The deal will help Sinclair, the largest U.S. broadcast station owner, add channels such as Fox Sports Detroit and Fox Sports Florida to its existing sports business that includes Marquee Sports Network and Ring of Honor Wrestling.
Shares of Sinclair, whose bid for Tribune Media Co collapsed last year following opposition from the Federal Communications Commission, were trading up 14.6 percent at $51.50 in after-hours trading.
Friday’s deal excludes the New York Yankees team’s regional sports network, Yes.
Sinclair plans to make the acquisition through a newly formed indirect subsidiary called Diamond Sports Group LLC.

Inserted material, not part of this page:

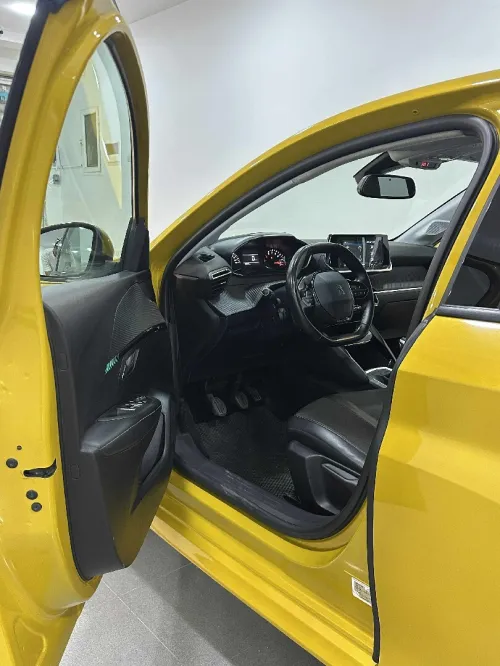Peugeot 208 2022 Active Facelift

The company said Byron Allen, CEO of Entertainment Studios, will serve as an equity and content partner in a newly formed indirect wholly-owned unit of Sinclair and an indirect parent of Diamond.
Disney, which closed the acquisition of Fox’s film and television assets in March, had agreed to sell the networks as part of an agreement with the U.S. Department of Justice.
“The news could bring some closure to Disney’s pending obligations regarding the consent decree, while the company continues to take steps to fortify ESPN amid a paradigm shift to direct-to-consumer offerings,” CFRA analyst Tuna Amobi wrote after the Wall Street Journal first reported about the impending deal.
The assets are valued at $10.6 billion, including minority equity interests.
The regional sports networks portfolio delivered a combined $3.8 billion in revenue across 74 million subscribers in 2018, the companies said.
“The transaction is expected to be highly accretive to free cash flow and brings consolidated net leverage to 4.7x and 5.1x through the preferred financing,” said Sinclair Chief Executive Officer Chris Ripley.
Diamond or Disney may end the deal if not completed by February 2020, according to a filing.
Completion of the deal is subject to customary closing conditions, including the approval of the U.S. DoJ.
Guggenheim Securities LLC, Deutsche Bank (DE:) Securities Inc, RBC Capital Markets, Pursuit Advisors and Moelis & Co are Sinclair’s financial advisers.